7.1 Referencing in everyday life
Referencing is not simply an academic convention: people often acknowledge their sources when they report information. For example, when I reminded my son to take the umbrella this morning, I also said that I had listened to the BBC weather report, which forecast heavy showers.
If you read newspapers, listen to the radio or watch the news on TV, you will know that journalists regularly report information they have gathered from their sources and normally acknowledge these sources. They do this to justify and add authority to the points they make and to allow readers to locate their sources should they wish to find out more.
Read the extract below in which Guardian journalist Andrew Sparrow uses information from his sources to discuss child poverty in the UK. Identify the ways in which he acknowledges his sources and note them in the box before comparing your answer with mine.
The Social Mobility and Child Poverty Commission said the absolute child poverty goal was ‘simply unattainable’ and that this was on course to be the first decade since records began in 1961 not to see a fall in absolute child poverty.[…]
Iain Duncan Smith, the work and pensions secretary, argues that addressing poverty by just increasing benefits is flawed and the root causes must be addressed by getting more parents into jobs. But the commission says ‘ending poverty mainly through the labour market does not look remotely realistic by 2020’. In too many cases it simply moves children from low income workless households to low income working households.
Andrew Sparrow acknowledges both the Social Mobility and Child Poverty Commission and Iain Duncan Smith. He explains the current situation by reporting the Commission’s findings through a quotation and a paraphrase. He goes on to discuss a possible strategy by summarising the view expressed by the work and pensions secretary Iain Duncan Smith. He then reports the exact words used by the Social Mobility and Child Poverty Commission. Sparrow finishes by paraphrasing a point made by the Commission.

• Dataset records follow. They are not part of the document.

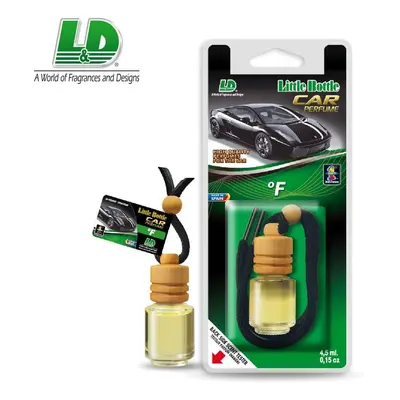 Osvěžovač vzduchu v lahvičce L&D °F (4,5ml)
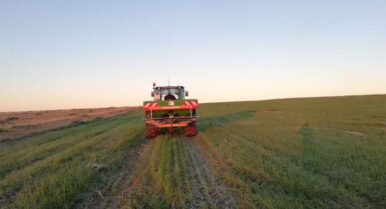 La UE moverá ficha para aplacar la subida de precios de los fertilizantes, un 60% más caros que hace cinco años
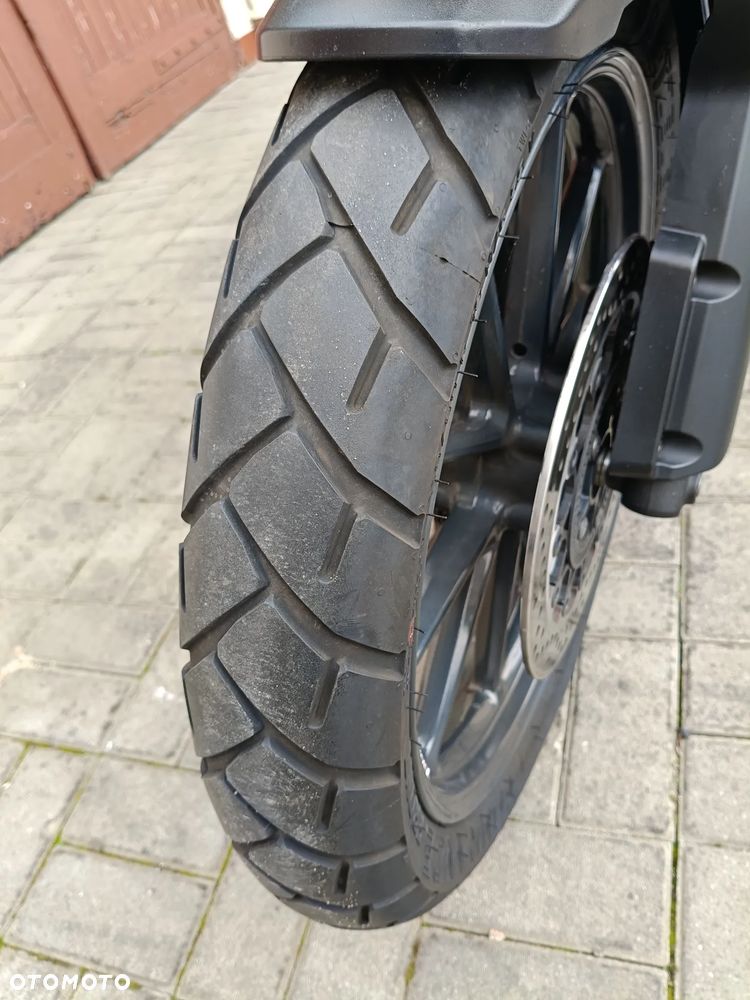 Triumph Tiger - 5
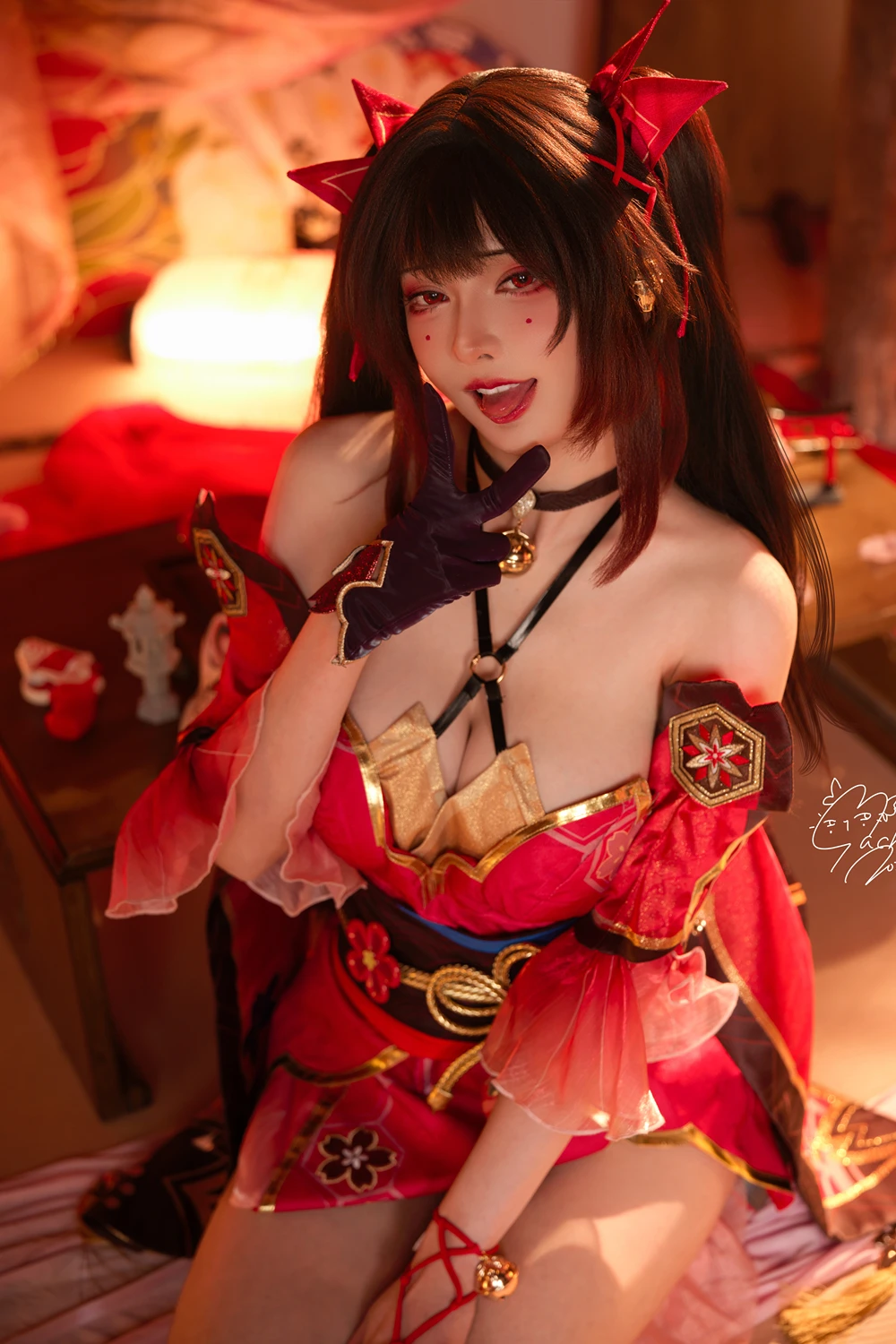 Cosplay Machi馬吉 – 花火 第40张图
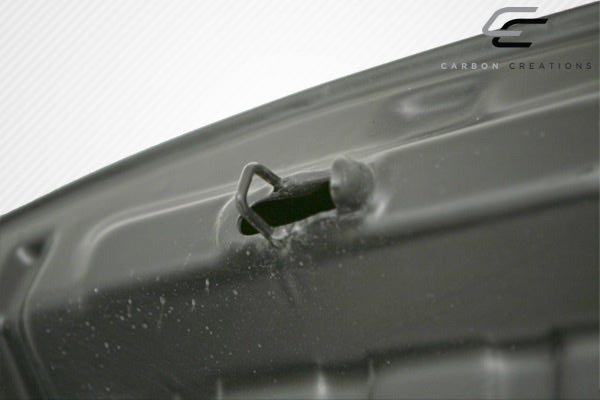 Carbon Creations JGTC Hood Compatible With 2003-2006 Nissan 350Z - 1 Piece - 100494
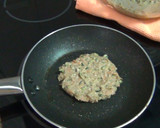 Foto del paso 5 de la receta: TORTITAS DE CALABACÍN Y ZANAHORIA ¡¡BUENÍSIMAS!! 😋💚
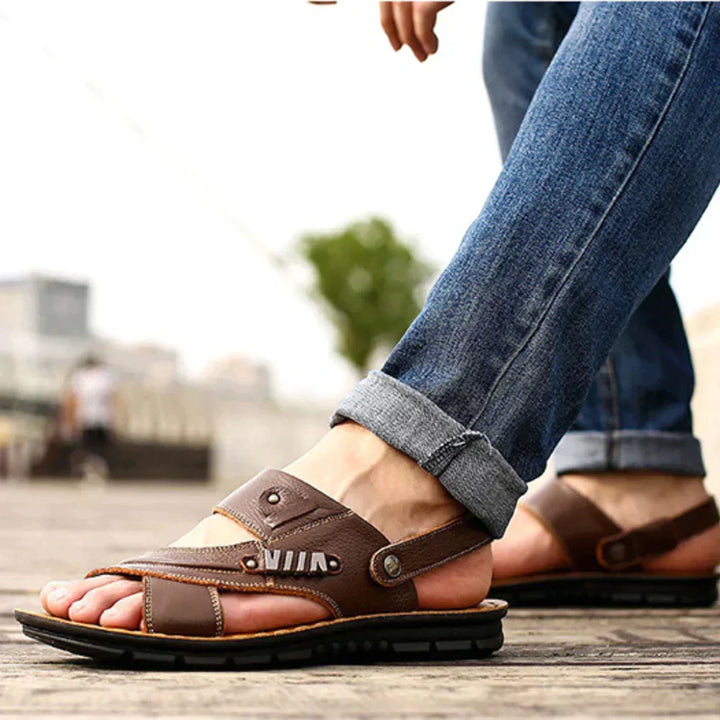W&W Mode | Orthopädische Sandalen für optimalen Komfort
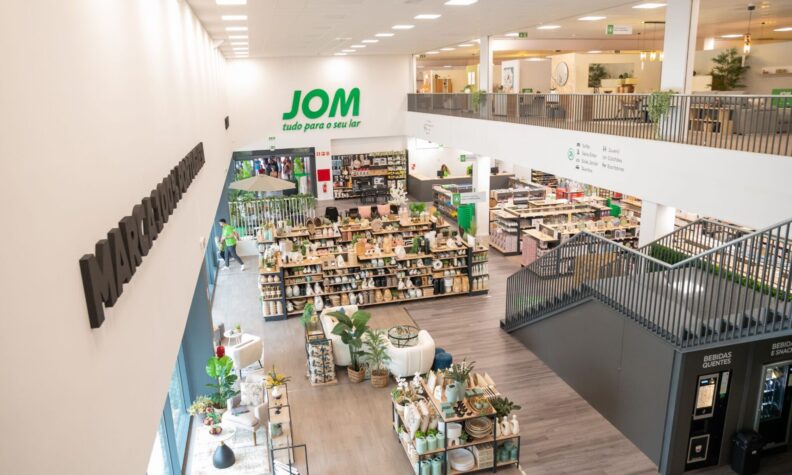 Grupo JOM Investe 5 Milhões em Novo Retail Center em Felgueiras com Loja Inaugural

As you can see, journalists use their sources of information all the time. They sometimes simply report this information, but they often compare and contrast it or use it to make a specific point. They normally acknowledge their sources or inform readers of serious reasons why this cannot be done. The acknowledgement in this case would allow interested readers to look for the Commission’s report and read it in full. Referencing in newspapers, however, is not as precise as the referencing required in university assignments. For example, in this extract there is no date of publication.